#### Problem statement
A verbatim repetition of the data below is requested, without images.

#### Provided data
━━━━━━━━━━

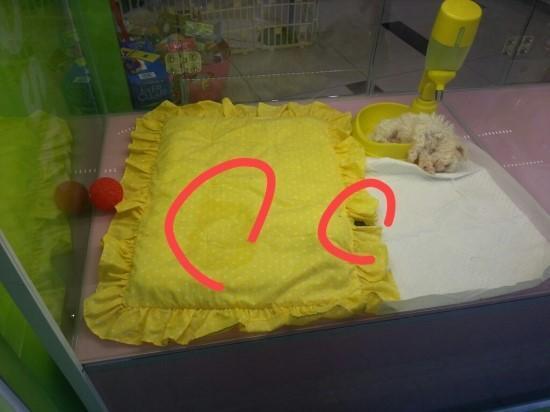 &amp;quot;개는 똥오줌을 아무 데나 싸지 않나요?&amp;quot; 강아지 배변훈련 환경에 관해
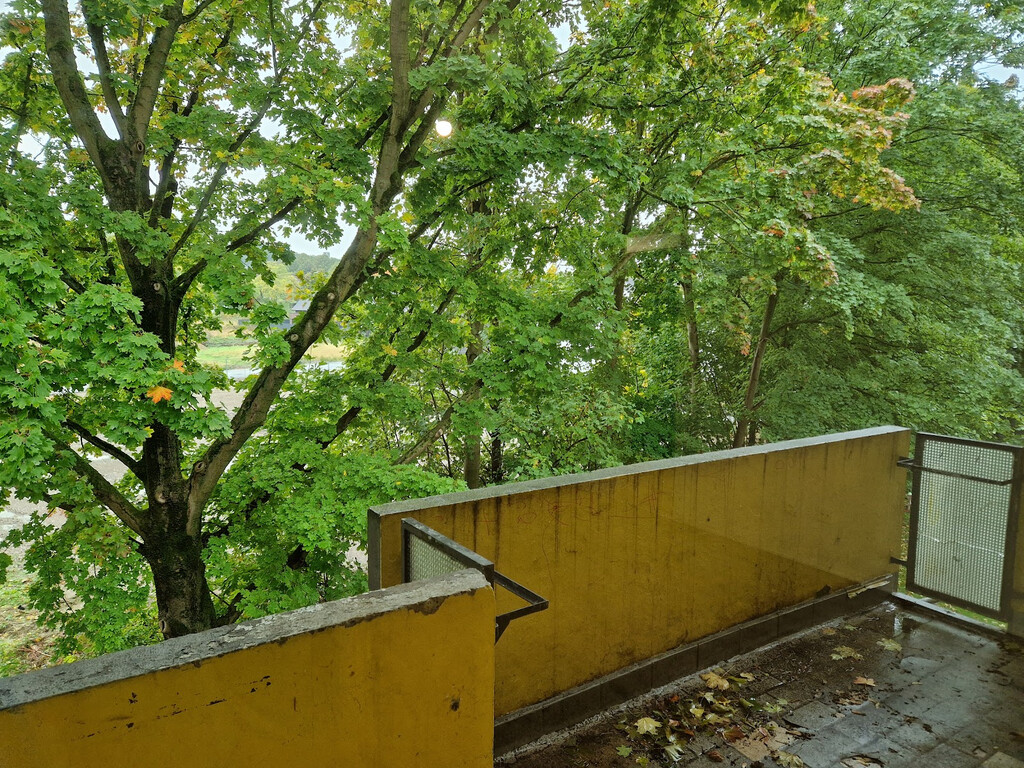 Briloner Straße 40, 44575 Castrop-Rauxel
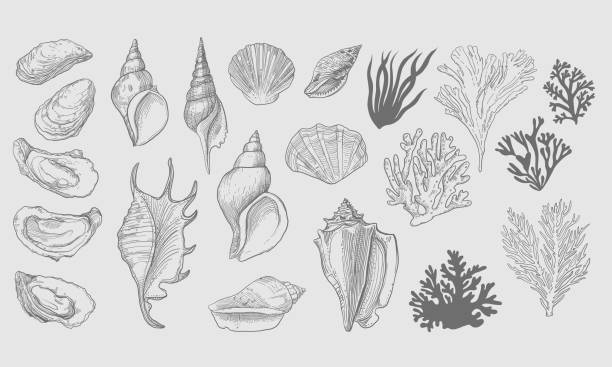 Set of seashells and algae vectors. Hand-drawing illustration with engraved line. Collection of realistic sketches of molluscs seaweed shells of various shapes. vector art illustration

━━━━━━━━━━

#### Reply to the exercise
 &amp;quot;개는 똥오줌을 아무 데나 싸지 않나요?&amp;quot; 강아지 배변훈련 환경에 관해
 Briloner Straße 40, 44575 Castrop-Rauxel
 Set of seashells and algae vectors. Hand-drawing illustration with engraved line. Collection of realistic sketches of molluscs seaweed shells of various shapes. vector art illustration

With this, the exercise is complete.